Late dawn. Early sunset. Short day. Long night.

For us in the Northern Hemisphere, the December solstice marks the longest night and shortest day of the year. Meanwhile, on the day of the December solstice, the Southern Hemisphere has its longest day and shortest night. This special day is coming up on Sunday, December 21 at 23:03 UTC (5:03 p.m. CST). A fun fact about the coming solstice is that it occurs within about two-and-a-half hours of a new moon.

No matter where you live on Earth’s globe, a solstice is your signal to celebrate.

Day and night sides of Earth at the instant of the December 2014 solstice (2014 December 21 at 23:03 Universal Time). Note that the north polar region of Earth must endure 24 hours of night, while the south polar region gets to bask in 24 hours of daylight. Image credit: Earth and Moon Viewer

When is the solstice where I live? The solstice happens at the same instant for all of us, everywhere on Earth. In 2014, the December solstice comes on December 21 at 5:03 p.m. CST. That’s 23:03 Universal Time. It’s when the sun on our sky’s dome reaches its farthest southward point for the year. At this solstice, the Northern Hemisphere has its shortest day and longest night of the year.

To find the time in your location, you have to translate to your time zone. Click here to translate Universal Time to your local time.

Just remember: you’re translating from 23:03 UT on December 21. So for most of the world’s eastern hemisphere – Europe, Africa, Asia, Australia and New Zealand – the December solstice actually comes on December 22. For example, if you live in Perth, Australia, you need to add 8 hours to Universal Time to find out that the solstice happens on December 22, at 7:03 a.m. AWST (Australian Western Standard Time).

What is a solstice?

The earliest people on Earth knew that the sun’s path across the sky, the length of daylight, and the location of the sunrise and sunset all shifted in a regular way throughout the year. They built monuments such as Stonehenge in England – or, for example, at Machu Picchu in Peru – to follow the sun’s yearly progress.

But we today see the solstice differently. We can picture it from the vantage point of space. Today, we know that the solstice is an astronomical event, caused by Earth’s tilt on its axis, and its motion in orbit around the sun.

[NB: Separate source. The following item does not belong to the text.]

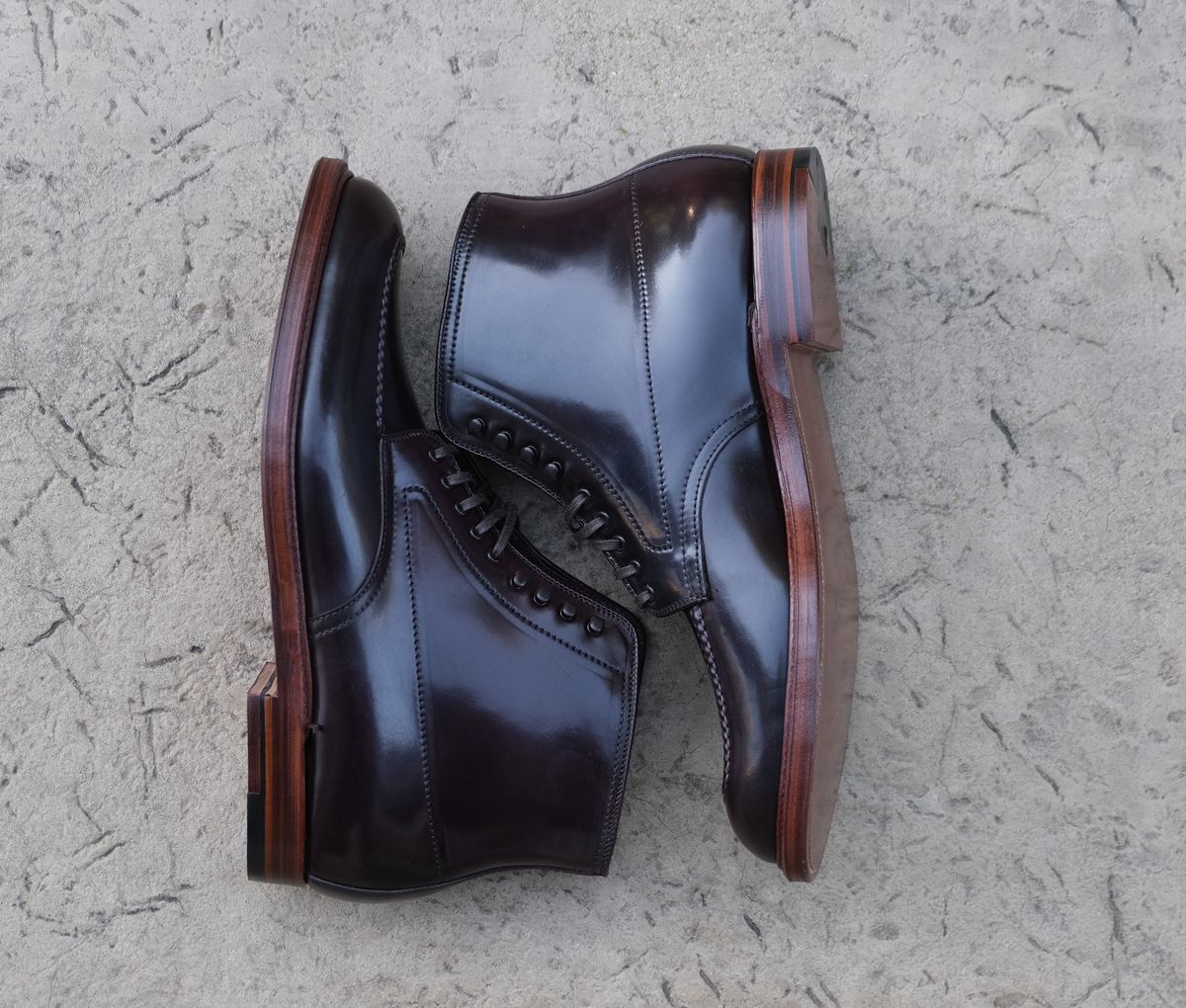 Photo by titletowngoods on September 29, 2024 of the Alden Indy Boot in Horween Color 8 Shell Cordovan.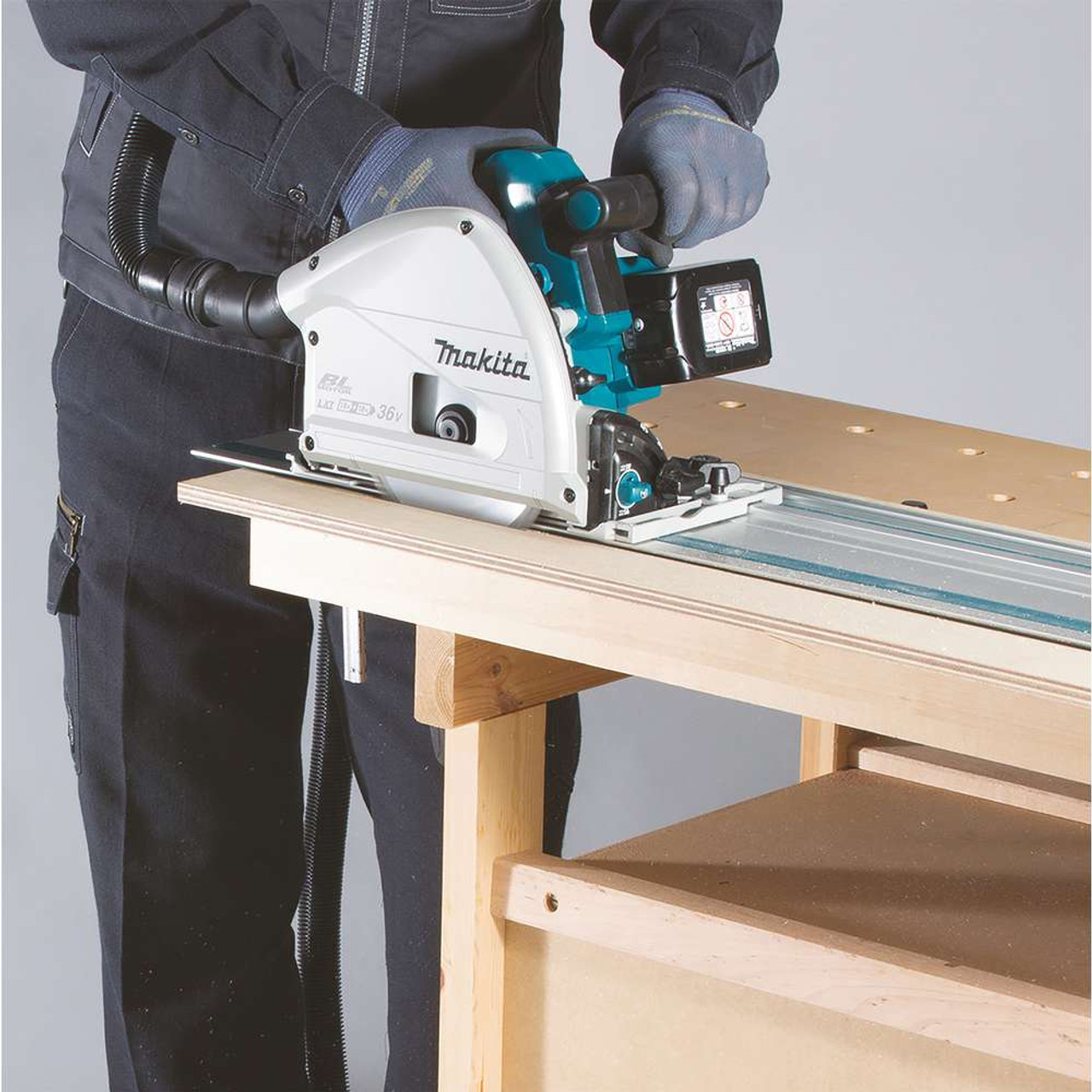 Makita DSP601ZJ 36V (18Vx2) LXT Cordless Brushless 6-1/2 Inch Plunge Cut Circular Saw with AWS (Tool Only)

Because Earth doesn’t orbit upright, but is instead tilted on its axis by 23-and-a-half degrees, Earth’s Northern and Southern Hemispheres trade places in receiving the sun’s light and warmth most directly. The tilt of the Earth – not our distance from the sun – is what causes winter and summer. At the December solstice, the Northern Hemisphere is leaning most away from the sun for the year.

At the December solstice, Earth is positioned in its orbit so that the sun stays below the north pole horizon. As seen from 23-and-a-half degrees south of the equator, at the imaginary line encircling the globe known as the Tropic of Capricorn, the sun shines directly overhead at noon. This is as far south as the sun ever gets. All locations south of the equator have day lengths greater than 12 hours at the December solstice. Meanwhile, all locations north of the equator have day lengths less than 12 hours.

For us on the northern part of Earth, the shortest day comes at the solstice.

After the winter solstice, the days get longer, and the nights shorter. It’s a seasonal shift that nearly everyone notices.